Once known as Castle Marsh the waters of Warner Park were described in 1953 by the Dane County Conservation League as “the last good spawning ground in Lake Mendota and the only natural rearing pond in the area.” It was a nursery for northern pike, large mouth bass, carp and bullheads. In 1955 the Wisconsin Conservation Department bought 13 acres of the marsh to protect the nursery.
But over the years Hurst watched its demise. Suburban development brought storm runoff, salt, leaves and pesticides, while the park was drained and filled for ball fields and parking lots. The waters of Warner Park became the de facto dumping ground for Northside development, draining nearly 1,000 acres (949.5) and acting as a sieve before water flowed into Lake Mendota.
“Madison’s lakes are like a heart, and the marshes like Warner are the heart’s arteries. You destroy the arteries, you destroy the heart,” Jack once told the Parks Commission.
Madison either forgot or ignored the fact that Warner’s 60-acre marsh was an official wetland, protected under the 1972 Clean Water Act. This amnesia was evident when the park was chosen for Rhythm & Booms in 1992. A small “island” created by dredging in the 1970s became the “shooting island,” with fireworks aimed over the wetland. This arrangement protected crowds, dampened fires, and buried chemicals, cardboard, wires and fuse.
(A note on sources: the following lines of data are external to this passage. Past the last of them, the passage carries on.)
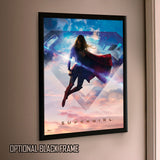 Supergirl (Girl of Steel) MightyPrint™ Wall Art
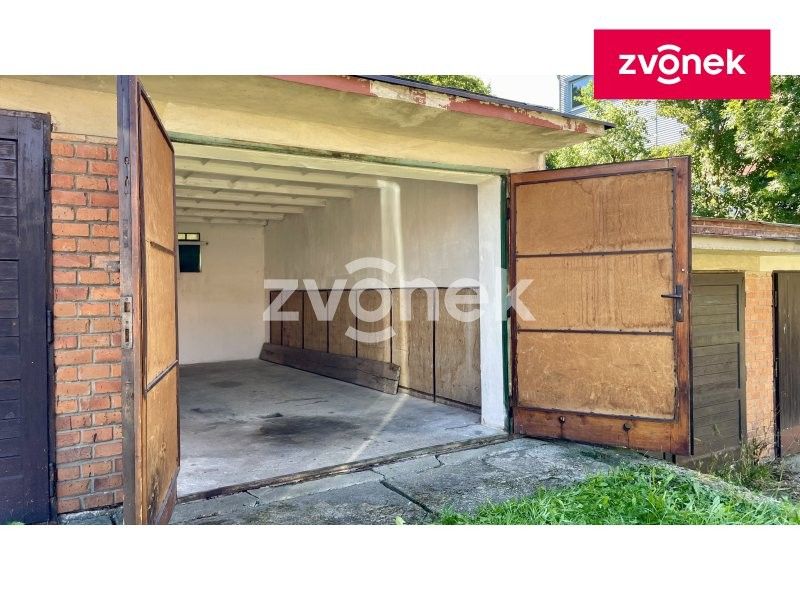 Pronájem garáž - Příluky, Zlín, 17 m²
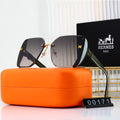 4 colors new popular frameless thin edge frosted sunglasses 00171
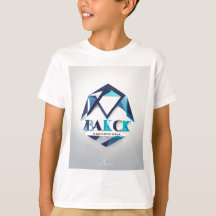 "Sapphire Sparkle Diamond T-Shirt"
They also brought in tons of dirt to bury the mortars. Afterward, the sand was pushed to the edge and, often, into water. After 20 years the accumulated soil had grown into a sizable hill.
Hurst and other members of Wild Warner asked the city to study fireworks pollution. The 2012 study, sponsored by Alder Anita Weier, concluded that the fireworks had a measurable effect on the environment from heavy metals and perchlorate.
Wild Warner also petitioned the Army Corps of Engineers and the Department of Natural Resources to investigate. In the spring of 2013 they took core samples and determined that the city had violated the Clean Water Act by dumping fill in a wetland without a permit. They required the city to remove the soil and return the island to its 1970s level.
Nearly 200 truckloads, including sand, topsoil and concrete chunks, were hauled to Cherokee Marsh.
On November 7, Jack Hurst put on boots, dipped his hand into a bucket of native wild flower seeds provided by the Parks Department, and with other Wild Warner volunteers, began scattering them across the island.
In the spring, flowers will rise, birds and turtles will return, and the former “shooting island” will become a wetland sanctuary. Jack Hurst hopes that some day the fish will be back, too.
Russ Hefty described the benefit of planting this seed mix in the wetland:
As if to support the idea, a bald eagle surveyed the work from the cottonwood trees nearby. We took it as a sign – a return of our nation’s symbol.